# **Required Dependencies**
JDK Version 21.0.5: https://www.oracle.com/java/technologies/downloads/#jdk21-windows

This is required to have the Reduces working as otherwise a Py4JJavaError is thrown.
https://docs.oracle.com/en/java/javase/21/install/overview-jdk-installation.html

Task 2

In [2]:
from pyspark.sql import SparkSession
from pyspark import SparkContext, SparkConf
from functools import reduce
from collections import Counter
import pandas as pd

def load_dataset(filename, columnNames):
    df = pd.read_csv(filename,encoding='latin1',names=columnNames) #need to define encoding or it all breaks. As any other type of encoding breaks everything after
    return df

def get_instances(data): #get each individual item
    instances = data.split()
    return Counter(instances)

def ReduceCounter(counter1, counter2): #count how many times a value appears
    counter1.update(counter2)
    return counter1

conf = SparkConf().setAppName('MapReduce').setMaster('local')
sparkContext = SparkContext.getOrCreate(conf=conf)
spark = SparkSession.builder.appName("AllowConversion").getOrCreate() #this is used to convert from a panda dataframe to a pyspark dataframe

columns = ['passengerID', 'flightID', 'originAirport', 'destinationAirport', 'departureTime', 'flightTime']

rdd = load_dataset("AComp_Passenger_data_no_error.csv", columns)

Origins = rdd['originAirport'].tolist()
distributed_data_origins = sparkContext.parallelize(Origins, 10)
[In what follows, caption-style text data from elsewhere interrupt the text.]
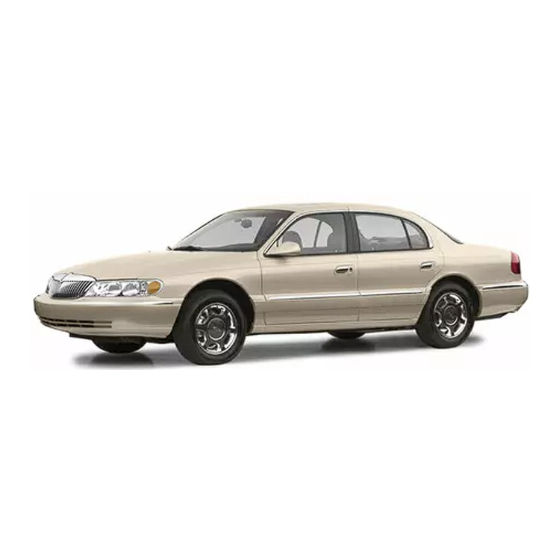 Lincoln 2002 Continental Owner's Manual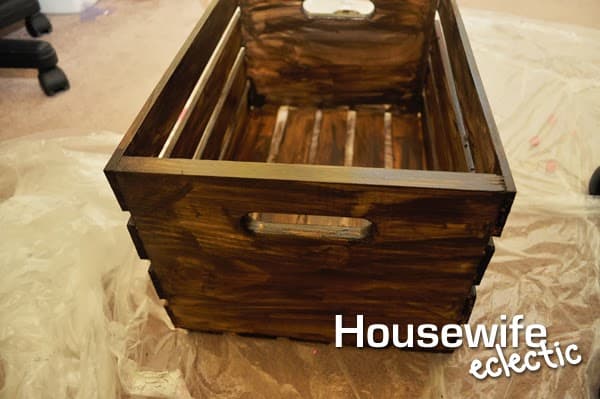 Housewife Eclectic: DIY Crate Shelf
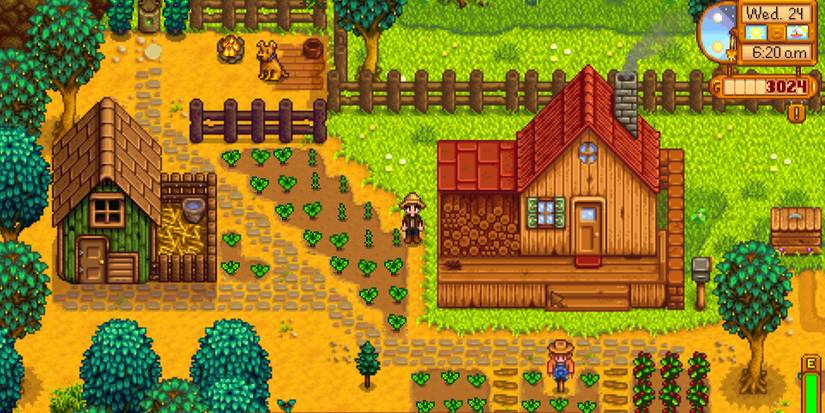 Stardew Valley's landscape layout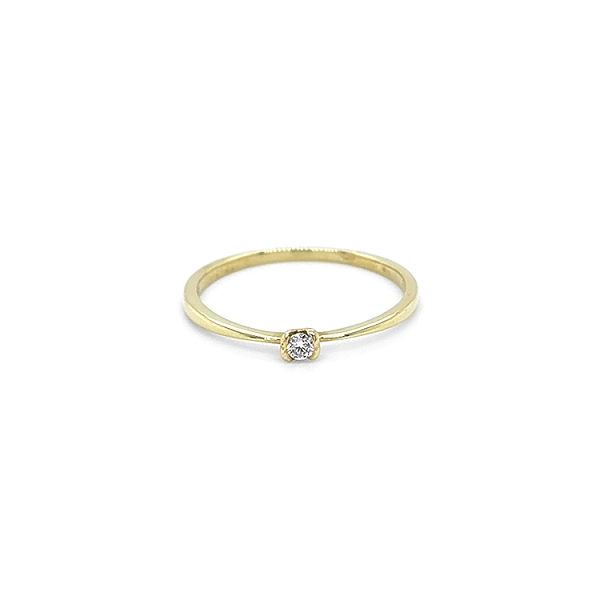 Gold Verlobungsring mit Diamant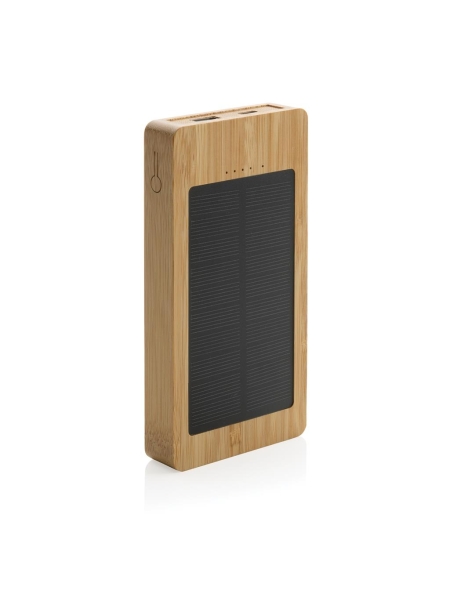 Power bank solare in bamboo personalizzato Supernova 10000 mAh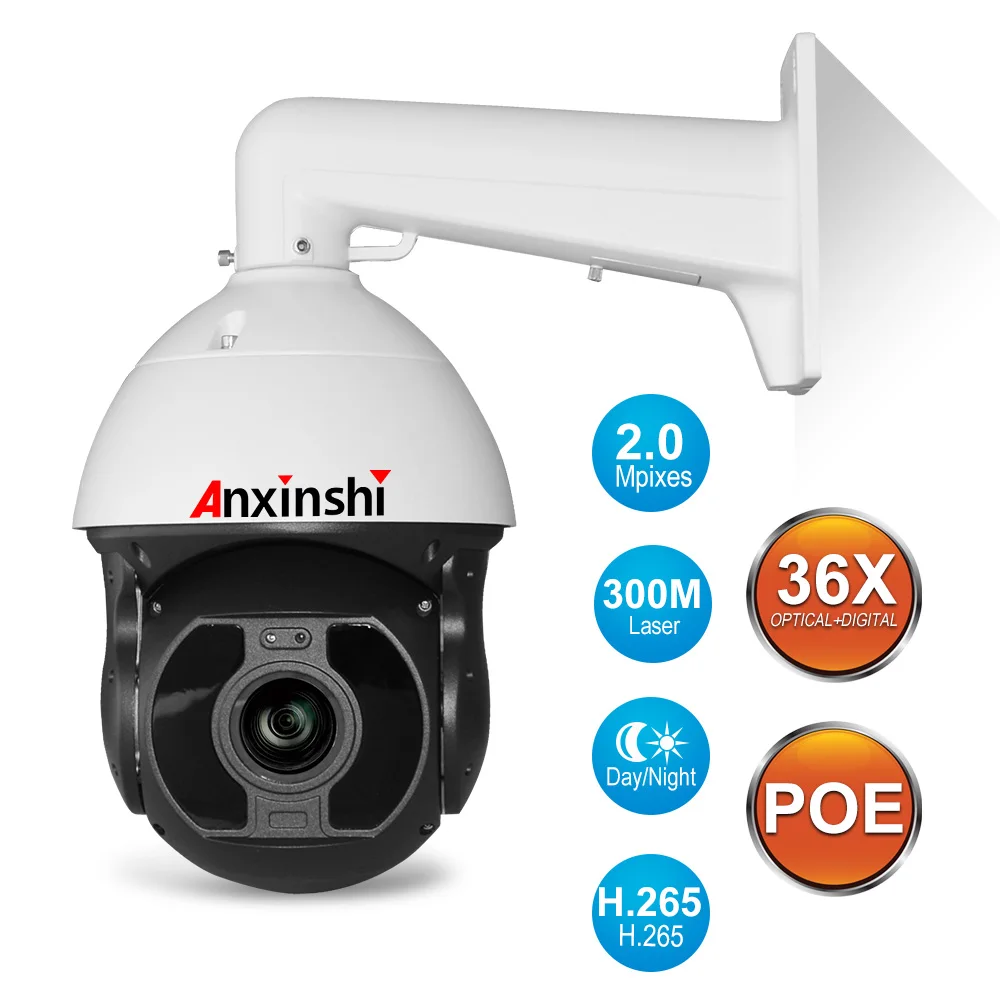 Poe 36X 2MP Security Camera Intelligent Auto Tracking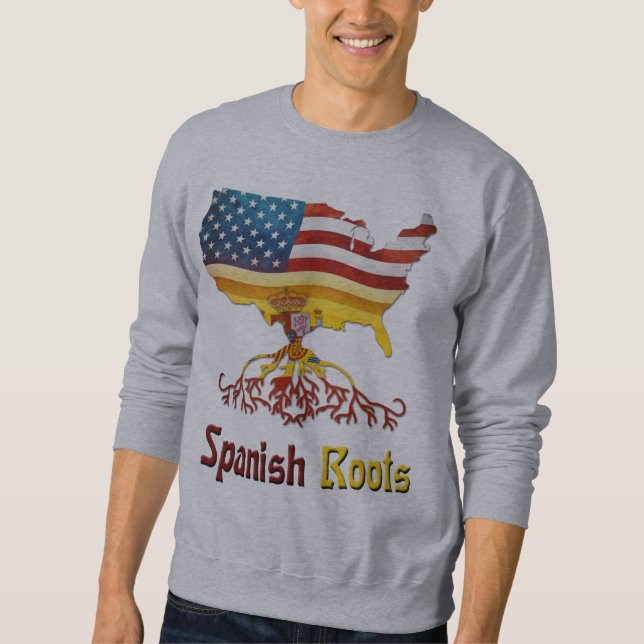 Sweatshirt Racines espagnoles américaines (Devant)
dist_data_flight_origins = distributed_data_origins.map(get_instances)
dist_data_flight_origins_count = dist_data_flight_origins.reduce(ReduceCounter)
print(dist_data_flight_origins_count)


25/01/07 16:17:18 WARN Utils: Your hostname, codespaces-91b6d6 resolves to a loopback address: 127.0.0.1; using 10.0.0.167 instead (on interface eth0)
25/01/07 16:17:18 WARN Utils: Set SPARK_LOCAL_IP if you need to bind to another address
Setting default log level to "WARN".
To adjust logging level use sc.setLogLevel(newLevel). For SparkR, use setLogLevel(newLevel).
25/01/07 16:17:19 WARN NativeCodeLoader: Unable to load native-hadoop library for your platform... using builtin-java classes where applicable

Counter({'DEN': 46, 'CAN': 37, 'IAH': 37, 'ATL': 36, 'ORD': 33, 'KUL': 33, 'CGK': 27, 'JFK': 25, 'LHR': 25, 'CDG': 21, 'CLT': 21, 'PVG': 20, 'LAS': 17, 'BKK': 17, 'AMS': 15, 'FCO': 15, 'MUC': 14, 'MAD': 13, 'PEK': 13, 'HND': 13, 'DFW': 11, 'MIA': 11})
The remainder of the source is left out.